Any category link without a leading colon will add the category. With a leading colon, it links. So [[Category:Foo]] categorizes, [[:Category:Foo]] links. You can use that to your advantage.
You may wish to look over the parser at http://svn.wikimedia.org/viewvc/mediawiki/trunk/phase3/includes/Parser.php?v.... Be aware that the parser is not short, simple, or clean, because (as you've discovered) neither is the markup language.

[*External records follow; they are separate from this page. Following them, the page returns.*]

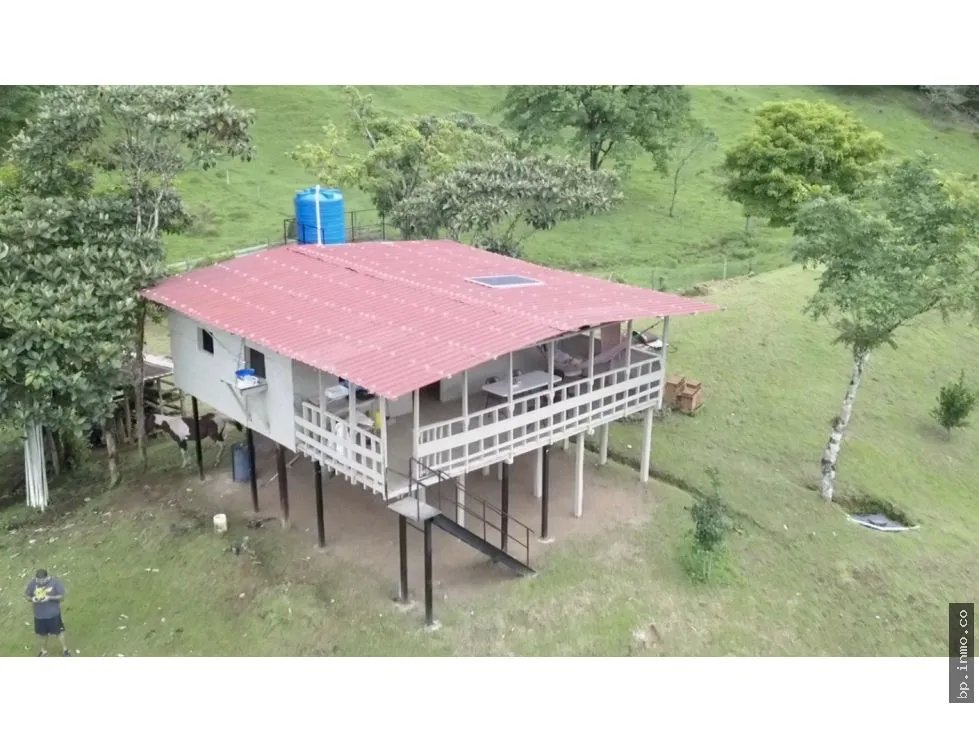 SE VENDE FINCA AGROPECUARIA EN COLÓN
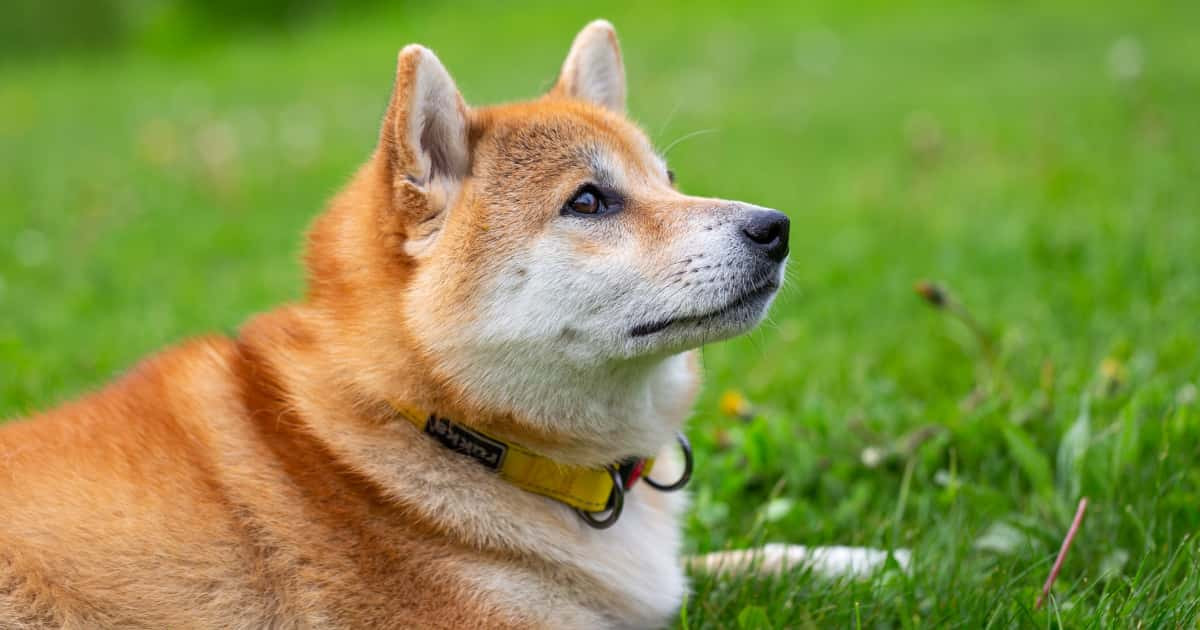 日本人が柴犬にドッグランを作ってあげた結果！可愛すぎて吹いたｗｗｗ【台湾人の反応】 | 海外の反応アンテナ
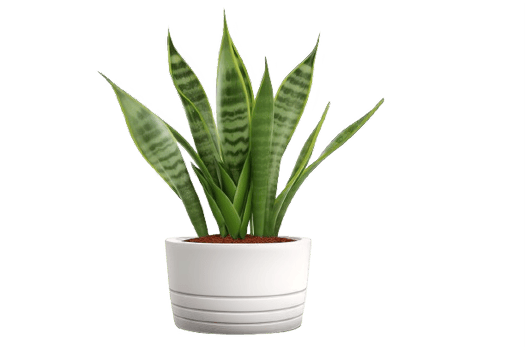 AI generated Snake Plant  in Modern White Pot Isolated on transparent  Background png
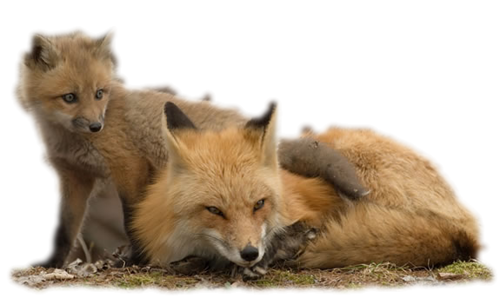 roka_53.png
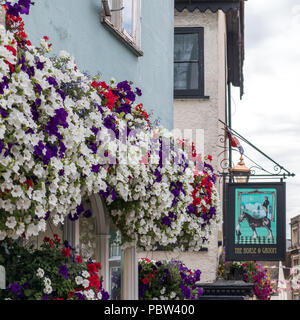 WINDSOR, Maidenhead und Windsor/UK - Juli 22: hängende Körbe, beladen mit Blumen in Windsor, Maidenhead und Windsor am 22. Juli 2018 Stockfoto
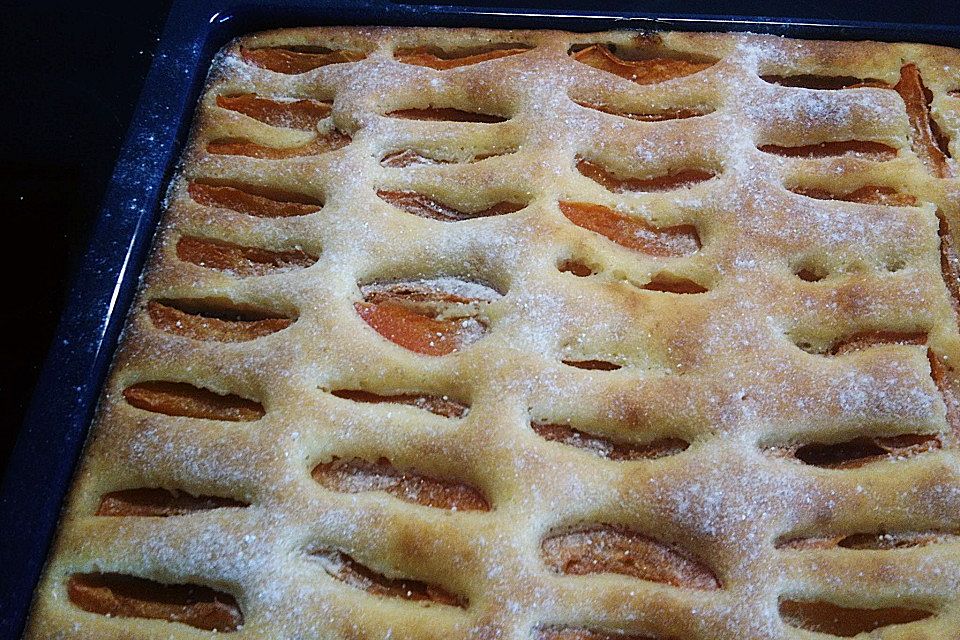 Marillenkuchen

The legal title characters, by default, are " %!"$&'()*,\-.\/0-9:;=?@A-Z\\^_`a-z~\x80-\xFF+". Therefore, a reasonable PCRE regex (with no string escaping of backslashes et al) might be:
/[[Category:([ %!"$&'()*,-./0-9:;=?@A-Z\^_`a-z~\x80-\xFF+]+)]]/i
Which would give you the category name. Hopefully. In most cases. Because other things can make a title invalid. Basically, it's a mess, and the only surefire way around it is using MediaWiki itself to do the parsing.
Cant seem to find it. Searching for it seems to give me wikipeida articles on parsing!!!
Basically: install MediaWiki and hack it to do what you want. The parser is not well-defined or application-independent. You can make your own simplified parser, but it *will* fail in corner-cases (unless your simplifications consist of hacking out stuff you don't need and inlining stuff from other files).
Just to further clarify what it is that I am looking for - Lets say I want to PRINT out a copy of wikipedia ( I know thats insane - but I need text to be as clean as if I were printing it out ), with the articles indexed as per Title and category, how would I get that data??
Use your own script to parse the XML part of the dumps and reformat them how you like. Then run each article's text through the parser, and grab the category list it spits back. It will not be very easy.